Department of Neurosurgery, Kuopio University Hospital, Kuopio, Finland.
Spine (Impact Factor: 2.16). 04/2007; 32(5):E150-5. DOI: 10.1097/01.brs.0000256886.94791.94
Source: PubMed

ABSTRACT A cross-sectional comparative study between healthy controls and patients with chronic low back pain (LBP).
To assess the effect of chronic LBP on biceps brachii muscle activation during sudden upper-limb loading.
Chronic LBP is related to altered trunk muscle function. However, it is not known if these changes are also found in upper-limb function, indicating a general effect.
Surface electromyographic recordings were made from the biceps brachii bilaterally from 22 control subjects without chronic LBP and 29 patients with chronic LBP. Electromyography was recorded during expected and unexpected limb loading, with the activation pattern recorded for analysis at 150 milliseconds before loading, and 3 consecutive 50 milliseconds periods following loading.
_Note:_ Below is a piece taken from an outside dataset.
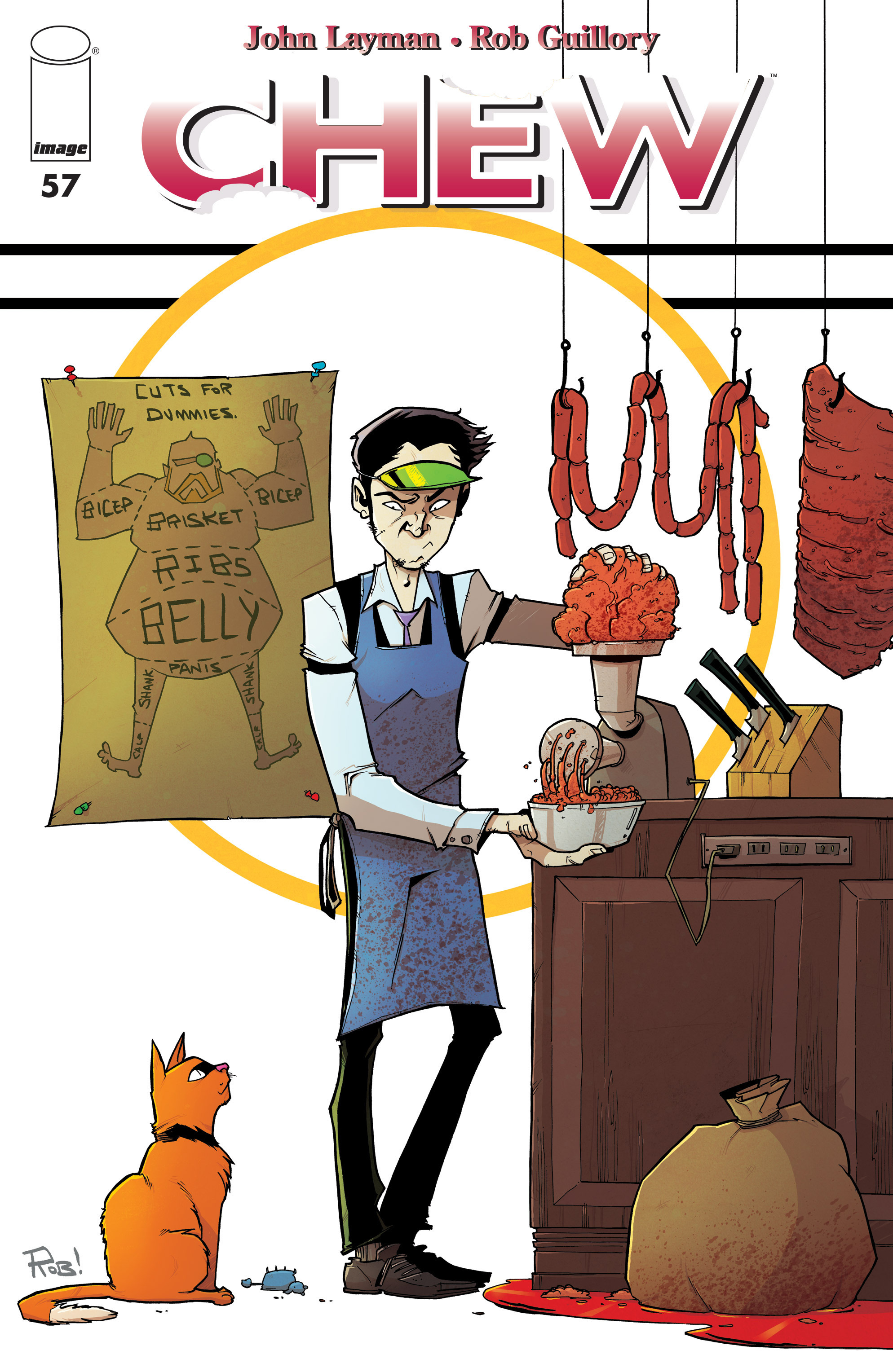 Read online Chew comic -  Issue #57 - 1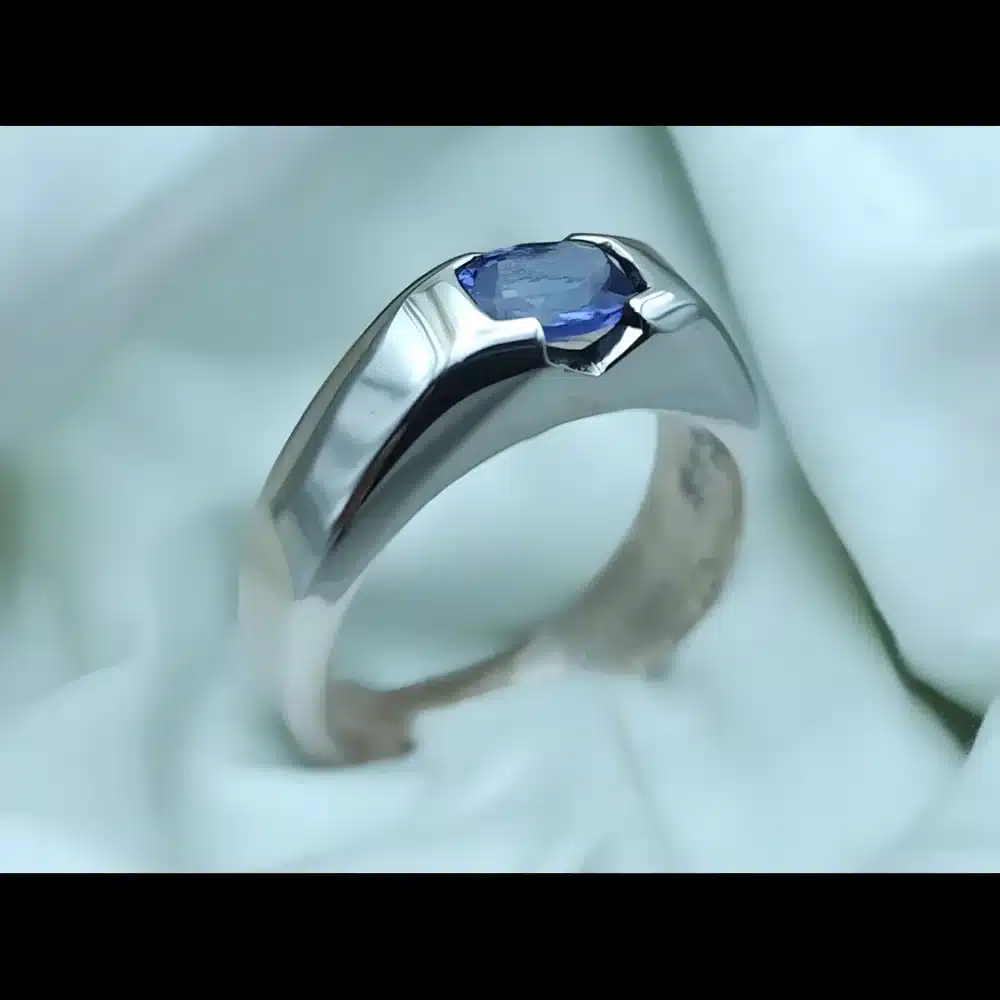 Midnight Blue Tanzanite Ring Tanzanian Sapphire Shop Now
RESULTS.: Chronic LBP patients had decreased biceps brachii activation before expected perturbation (P = 0.035) and during the third 50-millisecond period (from 100 to 150 milliseconds) after unexpected perturbation (P = 0.010). During the first 2, 50-millisecond periods (from 0 to 100 milliseconds) after the perturbation, the activation was similar.
Chronic LBP did not affect reflex activation of biceps brachii muscles but decreased preparatory and triggered reactions. The finding indicates that back pain may disturb higher level information processing in motor control.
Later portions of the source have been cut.